The political and legal fallout of the Surat verdict

The political and legal fallout of the Surat verdict

The minute a Surat court convicted Congress leader Rahul Gandhi on charges of criminal defamation, it was clear there was an imminent threat to his position as the Member of Parliament from Wayanad. Though the court suspended his sentence of two years, a 2013 Supreme Court judgment had already clarified that a stay on the conviction, and not just the sentence, was the only eventuality that could protect the lawmaker’s seat. So, in a sense, the notification on Friday confirming Mr Gandhi’s disqualification was a given — with only its timing being in question. The decision — the law states that he will stand disqualified from the House for the period of his jail term and an additional six years, unless a higher court suspends the conviction — will have political ramifications, for both the ruling Bharatiya Janata Party as well as the Opposition, especially the Congress. But beyond this, there are two important fallouts.

In a sense, the notification on Friday confirming Mr Gandhi’s disqualification was a given — with only its timing being in question. (File Photo)

The first is on the nature of political speech and the kind of legal action it invites. There existed an informal compact in India where political speeches made in the heat of campaigns largely remained exempt from the domain of criminal defamation cases. It will be important to see whether Mr Gandhi’s conviction and subsequent disqualification shatters that convention and opens the door for political parties, leaders and groups to file criminal defamation charges against political adversaries — and the route taken by the judiciary to decide these cases. This is all the more important in a year where six high-voltage assembly elections are scheduled ahead of the general elections next year. Will poll campaigns now be peppered with criminal defamation litigation? Will it prompt politicians to be more restrained? Will the courts evolve a new doctrine in adjudicating such complaints? The vagueness of the criminal defamation statute will make these questions even more urgent.

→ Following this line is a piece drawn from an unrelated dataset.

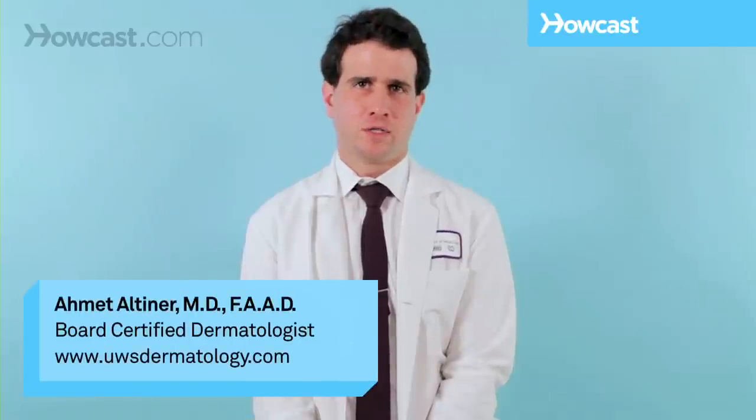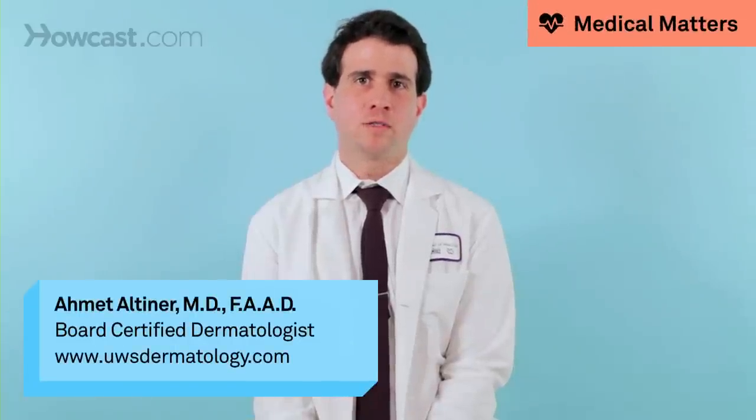Signs and symptoms of squamous cell carcinoma will depend on where the squamous cell carcinoma is. If the squamous cell carcinoma is on the skin, rough and scaly skin is the number one sign and symptom. Oftentimes these happen on sun exposed areas.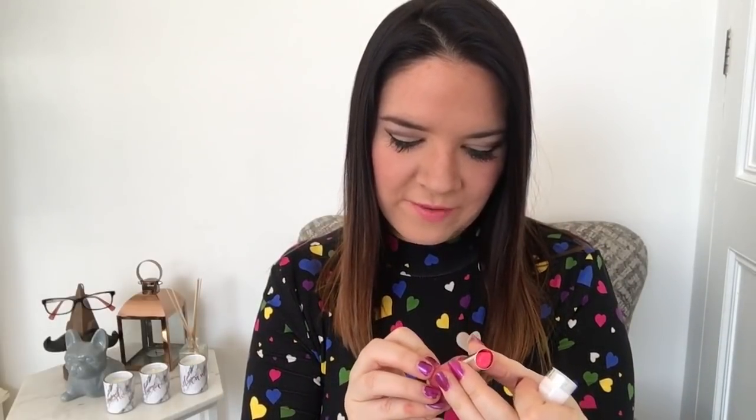I got quite a few of these lipsticks from Poundland — they're Maybelline Superstay 14 Lipstick in Megawatt shades. I've got this one on now. A lot of lipsticks don't suit me — that's why I tend to go for lip balms with a tint — but this is really, really nice. This one is Burst of Coral and I've got about three or four of these, which I'm really glad I stocked up on.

The second is the impact this move will have on the swirling debate on the criminal act of defamation, and whether such a draconian statute is at all required when civil remedies for defamation exist. Criminal defamation is defined by sections 499 and 500 of the Indian Penal Code, which spell out a punishment of a maximum of two years in prison and a fine. Time and again, experts have argued that to criminalise defamation is excessive because curtailing a person’s liberty is disproportionate to the harm caused, and that the vague language used in the provision makes it prone to misuse. The provision is also peculiar because it essentially uses criminal law to prosecute a private wrong – one that is committed by one individual against another individual, and not society at large. Therefore, only another individual or group can bring the charge of criminal defamation against someone, not the State. It is because of reasons such as these that many countries across the world have done away with criminal defamation.

Despite these reservations, the provision remains on the books because the top court in 2016 rejected pleas from top politicians and public intellectuals that the British-era provision was an outdated idea that undermined free speech, and instead held that a person’s right to reputation was part of one’s fundamental right to life. It remains to be seen whether recent developments catalyse another challenge to this statute.